Hi,
I couldn’t understand from the documentation how can I go about using nn.AdaptiveLogSoftmaxWithLoss
.
Could someone please explain, or give an example of how to use this layer instead of a regular LogSoftmax
layer?
Thanks!
Hi,
I couldn’t understand from the documentation how can I go about using nn.AdaptiveLogSoftmaxWithLoss
.
Could someone please explain, or give an example of how to use this layer instead of a regular LogSoftmax
layer?
Thanks!
I tried the following model:
class BiLSTM(nn.Module):
def __init__(self, vocab_size, embedding_dim, hidden_size, num_layers):
super(BiLSTM, self).__init__()
self.embedding_dim = embedding_dim
self.hidden_size = hidden_size
self.num_layers = num_layers
self.embedding = nn.Embedding(vocab_size, embedding_dim)

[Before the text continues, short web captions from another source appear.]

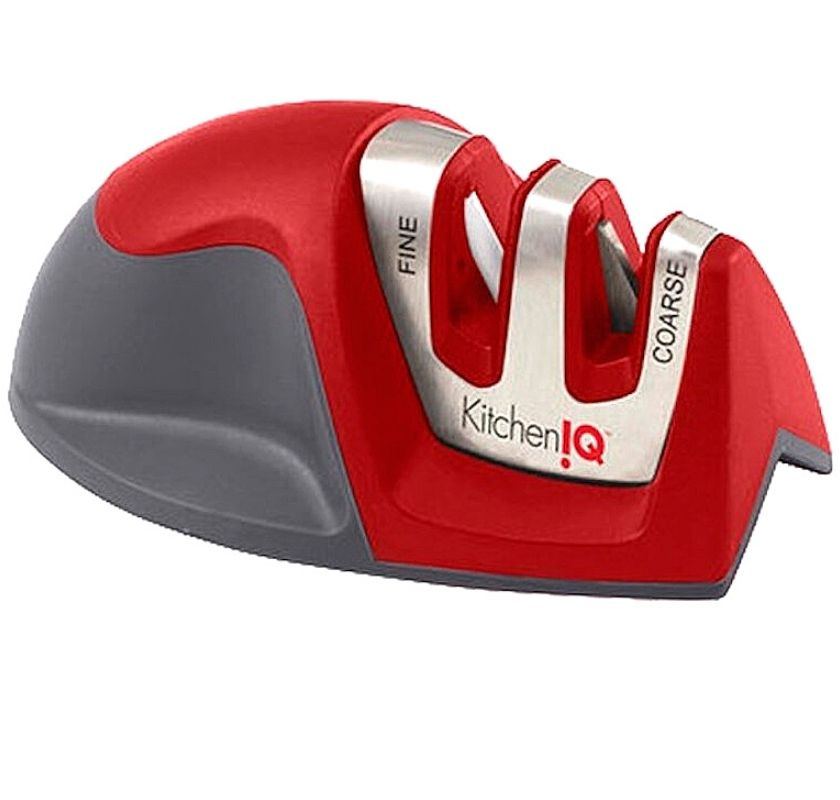 Edge Grip™ 2-Stage Knife Sharpene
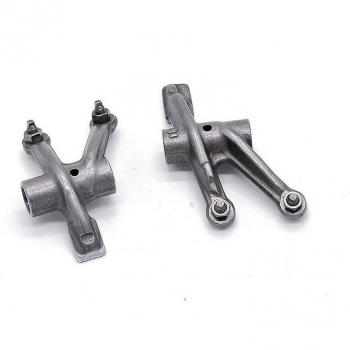 Suzuki GN250 Rocker Arm Pin Assembly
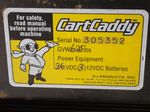 Cart Caddy Electric Cart Pullerpusher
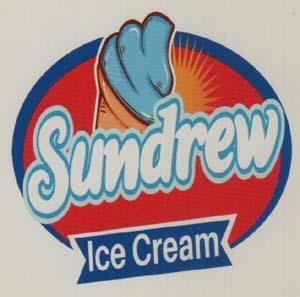 SUNDREW (and logo) trademark logo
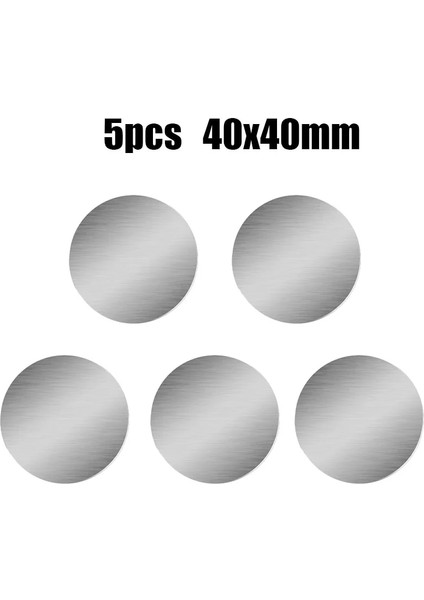 No.3 Tarzı Ticker Metal Plaka Disk Demir Sac Mıknatıs Için Cep Telefonu Tutucu Manyetik Araç Telefonu Için iPhone Samsung Için Stand Tutucular (Yurt Dışından)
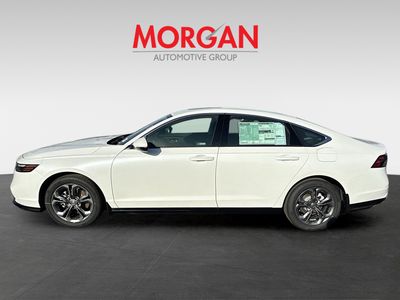 2026 Honda Accord Hybrid - Photo 4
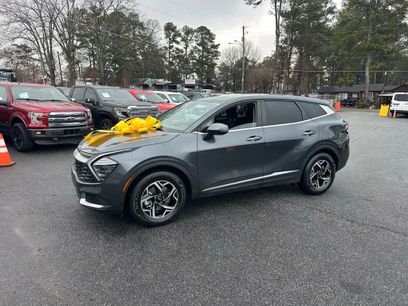 Used 2024 Kia Sportage LX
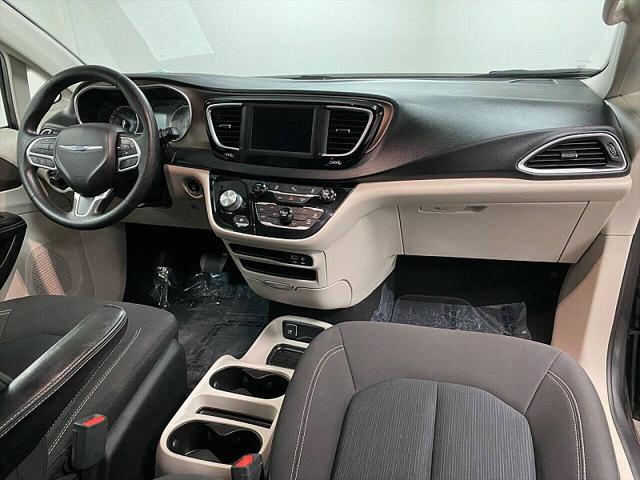 used 2020 Chrysler Voyager car, priced at $14,491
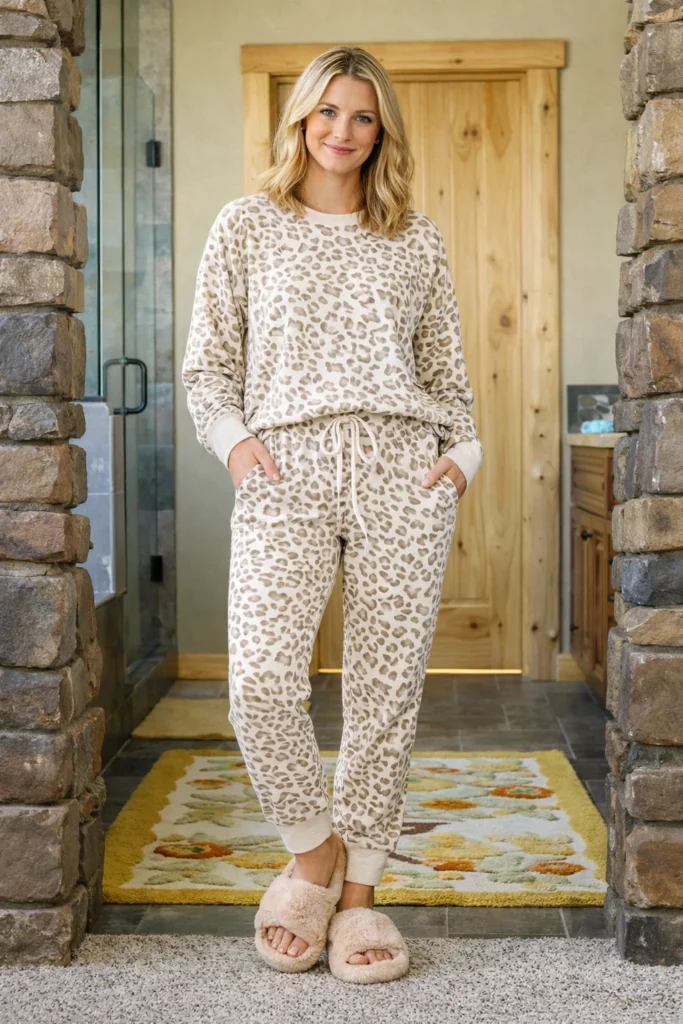 Lounge Tops & Bottoms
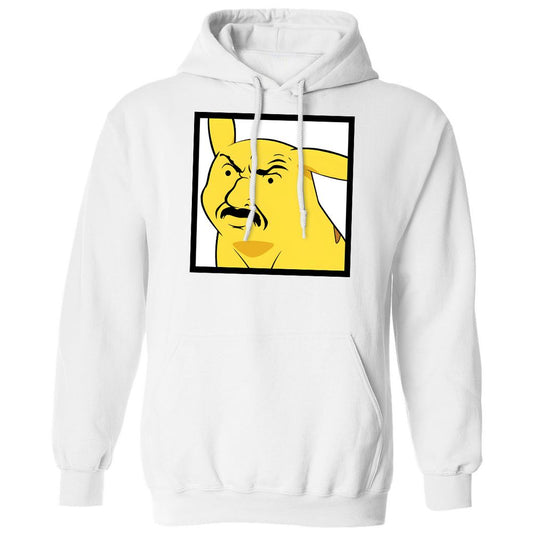 Classic Unisex Hoodie - GEMNUGBJ - White - 1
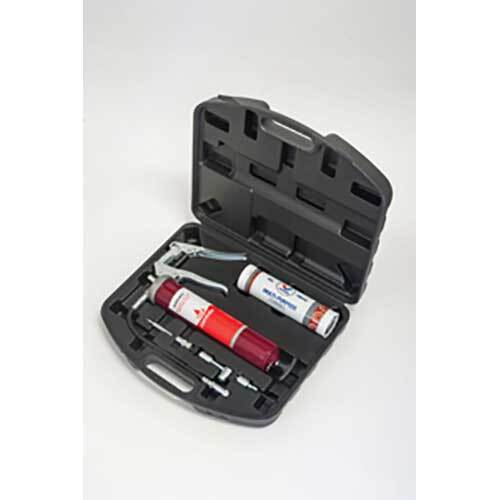 Alemlube Grease Gun Kit with Valvoline Cartridge 660ANK1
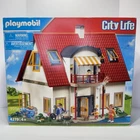New Rare 2007 Playmobil 4279 Suburban House Playset Sealed Nib - Discontinued. Price: $270.00.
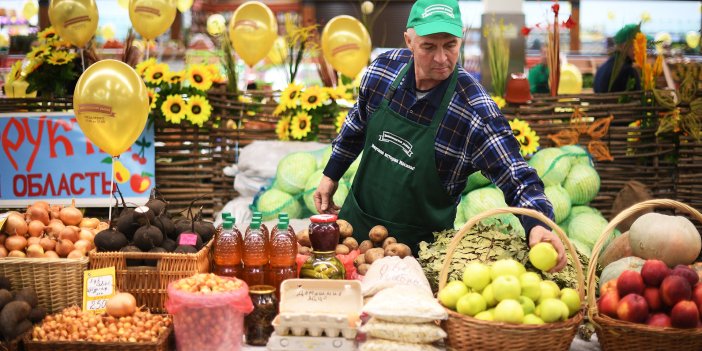 Rusya'da gıda fiyatları uçtu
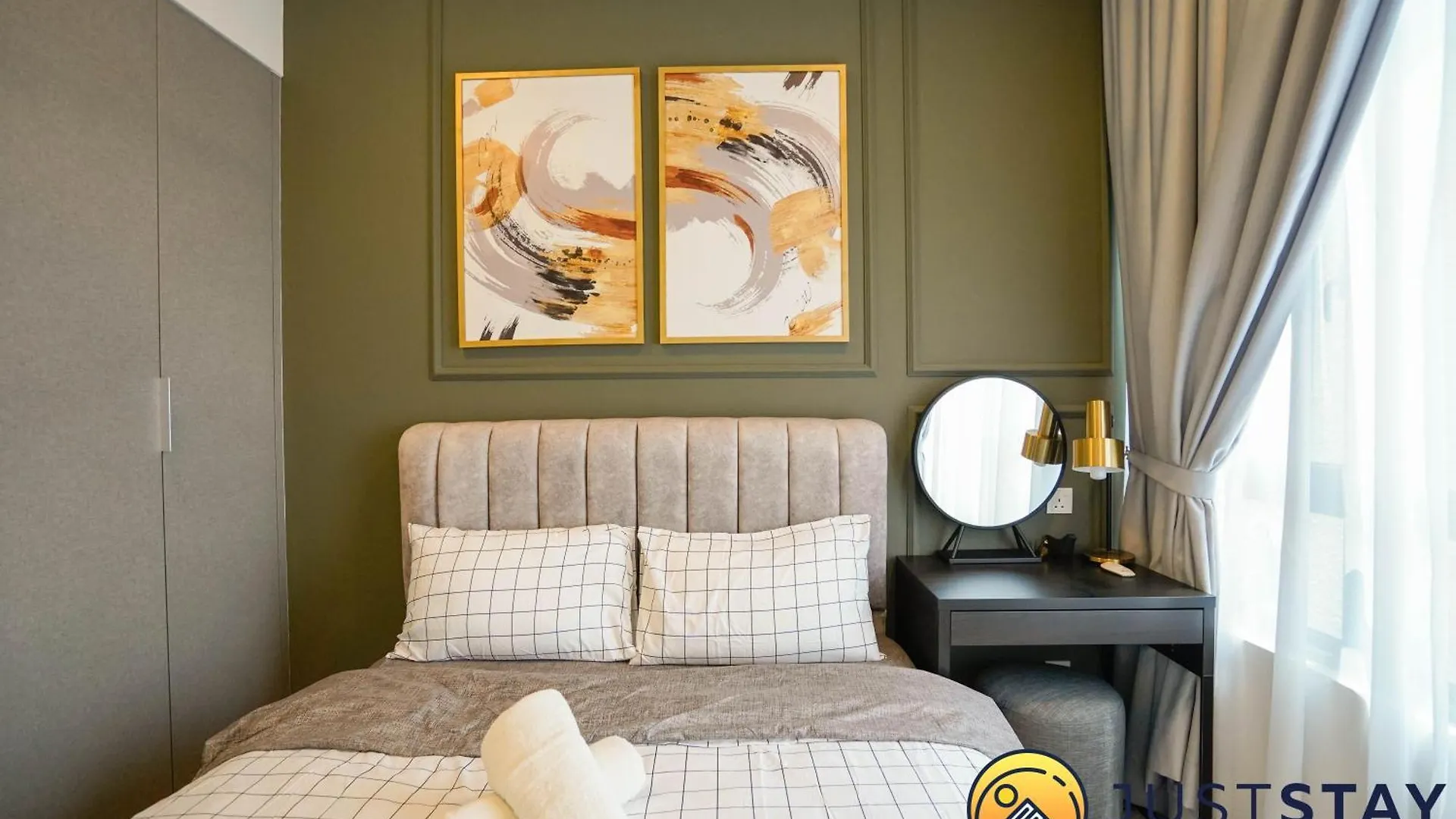 Desa Petaling Homestay By Just Stay 吉隆坡 0*,  马来西亚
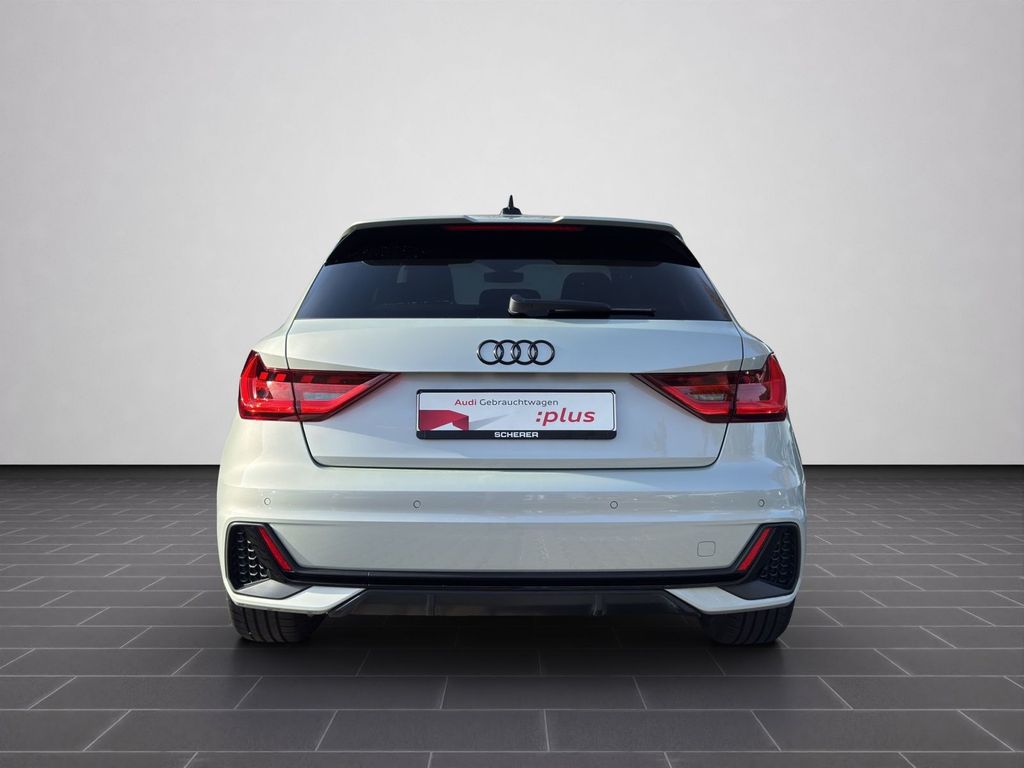 Audi A1 2024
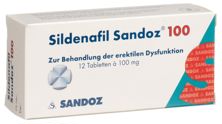Sildenafil Sandoz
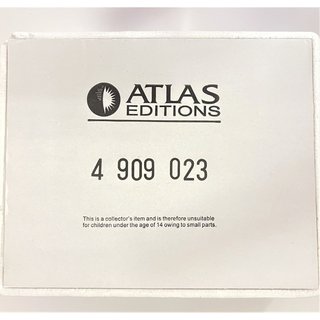 AVIONES 1:72 Atlas 2aGM P-47D vs Kawanishi N1K2-J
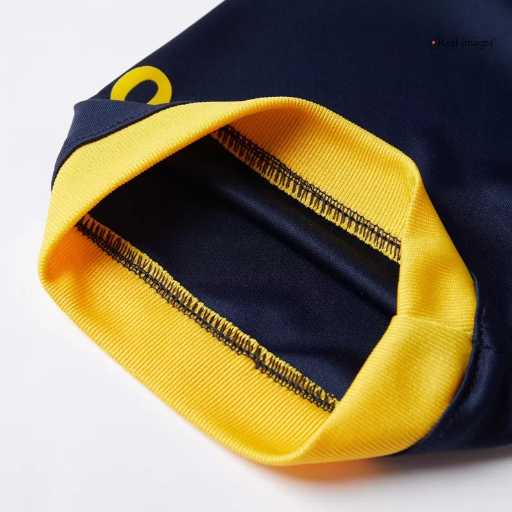 Boca Juniors Home Soccer Jersey 2025/26-3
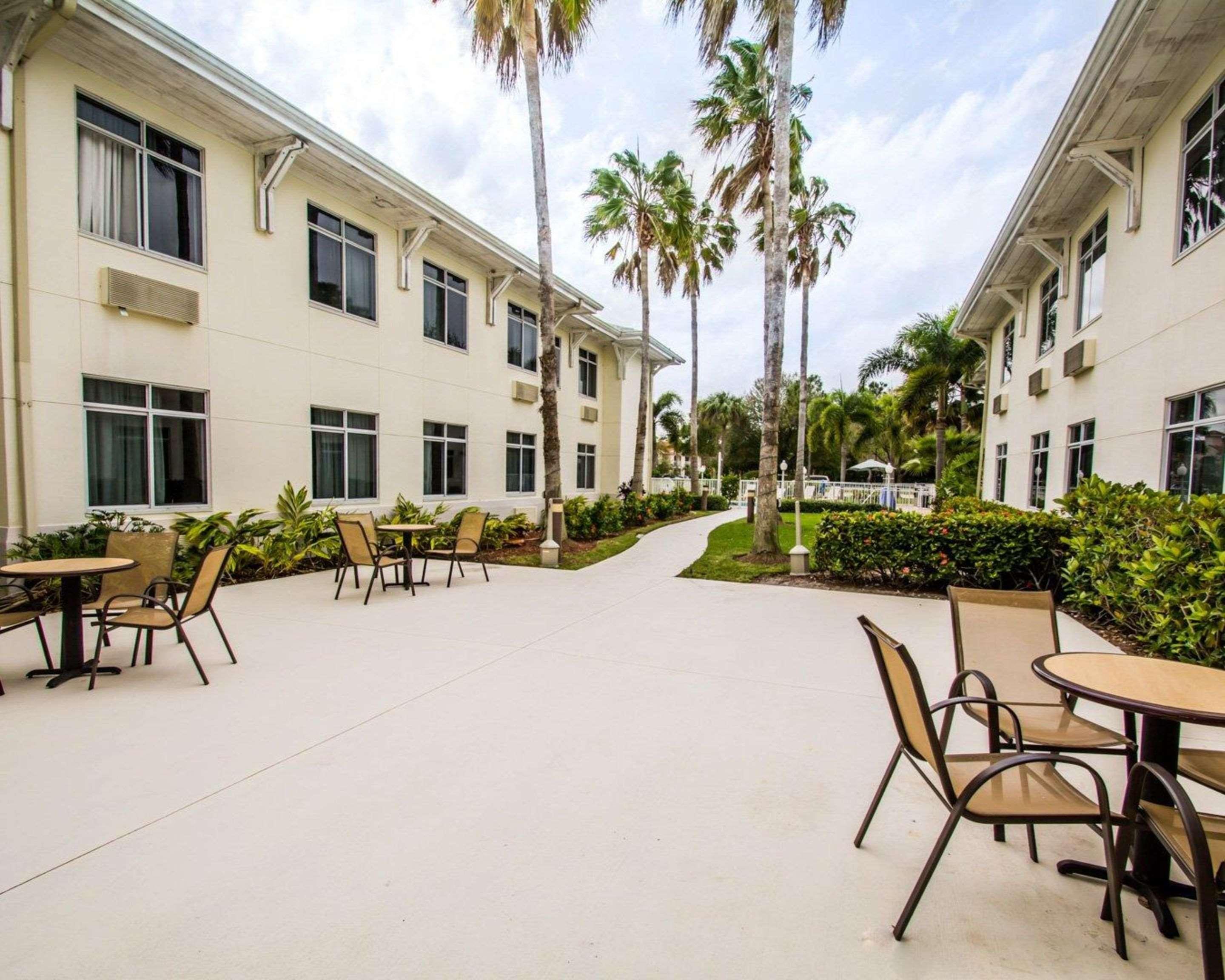 Sleep Inn Port St Lucie At Pga Village Port St. Lucie Exteriér fotografie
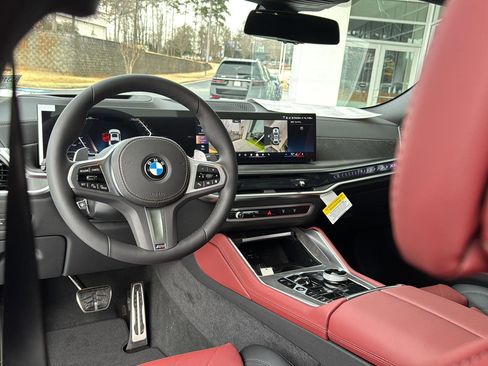 New 2026 BMW X6 xDrive40i image 16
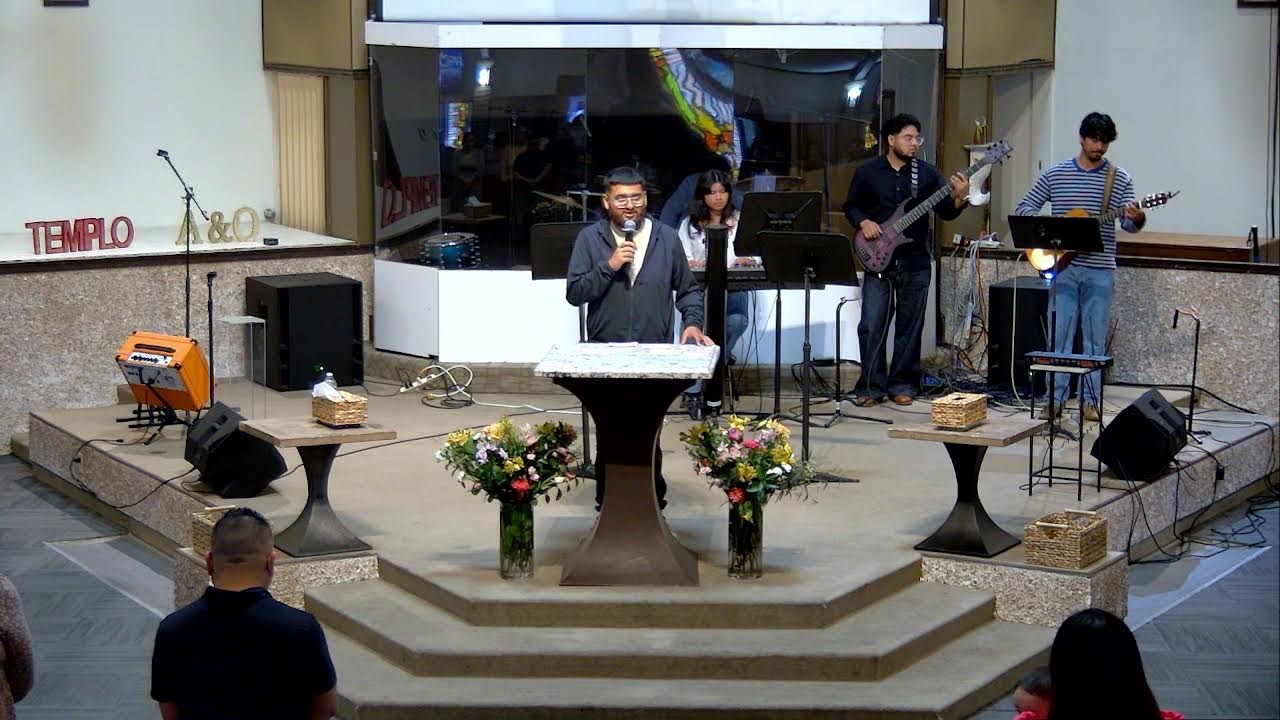 Sunday Service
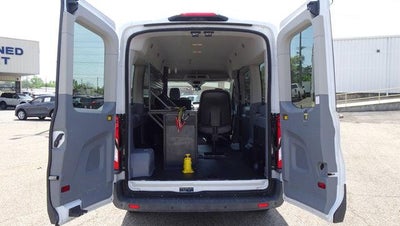 2018 Ford Transit Passenger Wagon Base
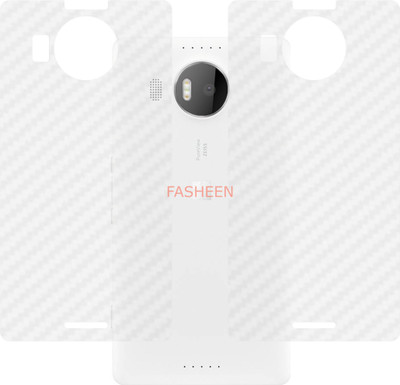 Fasheen Back Screen Guard for NOKIA LUMIA 950XL(Pack of 2)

self.lstm = nn.LSTM(embedding_dim, hidden_size, num_layers=self.num_layers, bidirectional=True)
# self.fc = nn.Linear(2 * hidden_size, vocab_size)
# self.softmax = nn.LogSoftmax(dim=2)
self.softmax = nn.AdaptiveLogSoftmaxWithLoss(2 * hidden_size, vocab_size, cutoffs=[10, 100, 1000])
def forward(self, input, target):
batch_size = input.size(0)
out = self.embedding(input)
hidden = self._init_hidden(batch_size)
out = out.permute(1, 0, 2)
out, hidden = self.lstm(out, hidden)
# out = self.fc(out)
out = out.squeeze(dim=0)
target = target.squeeze(dim=1)
out, loss = self.softmax(out, target)
return out, loss
def _init_hidden(self, batch_size):
return (torch.zeros(2 * self.num_layers, batch_size, self.hidden_size).to(device),
torch.zeros(2 * self.num_layers, batch_size, self.hidden_size).to(device))
The cutoffs were chosen after checking the density of word counts, it’s not just because these cutoffs appear in the tutorial.
I’m not seeing a significant change in performance. Anyone has had different experiences?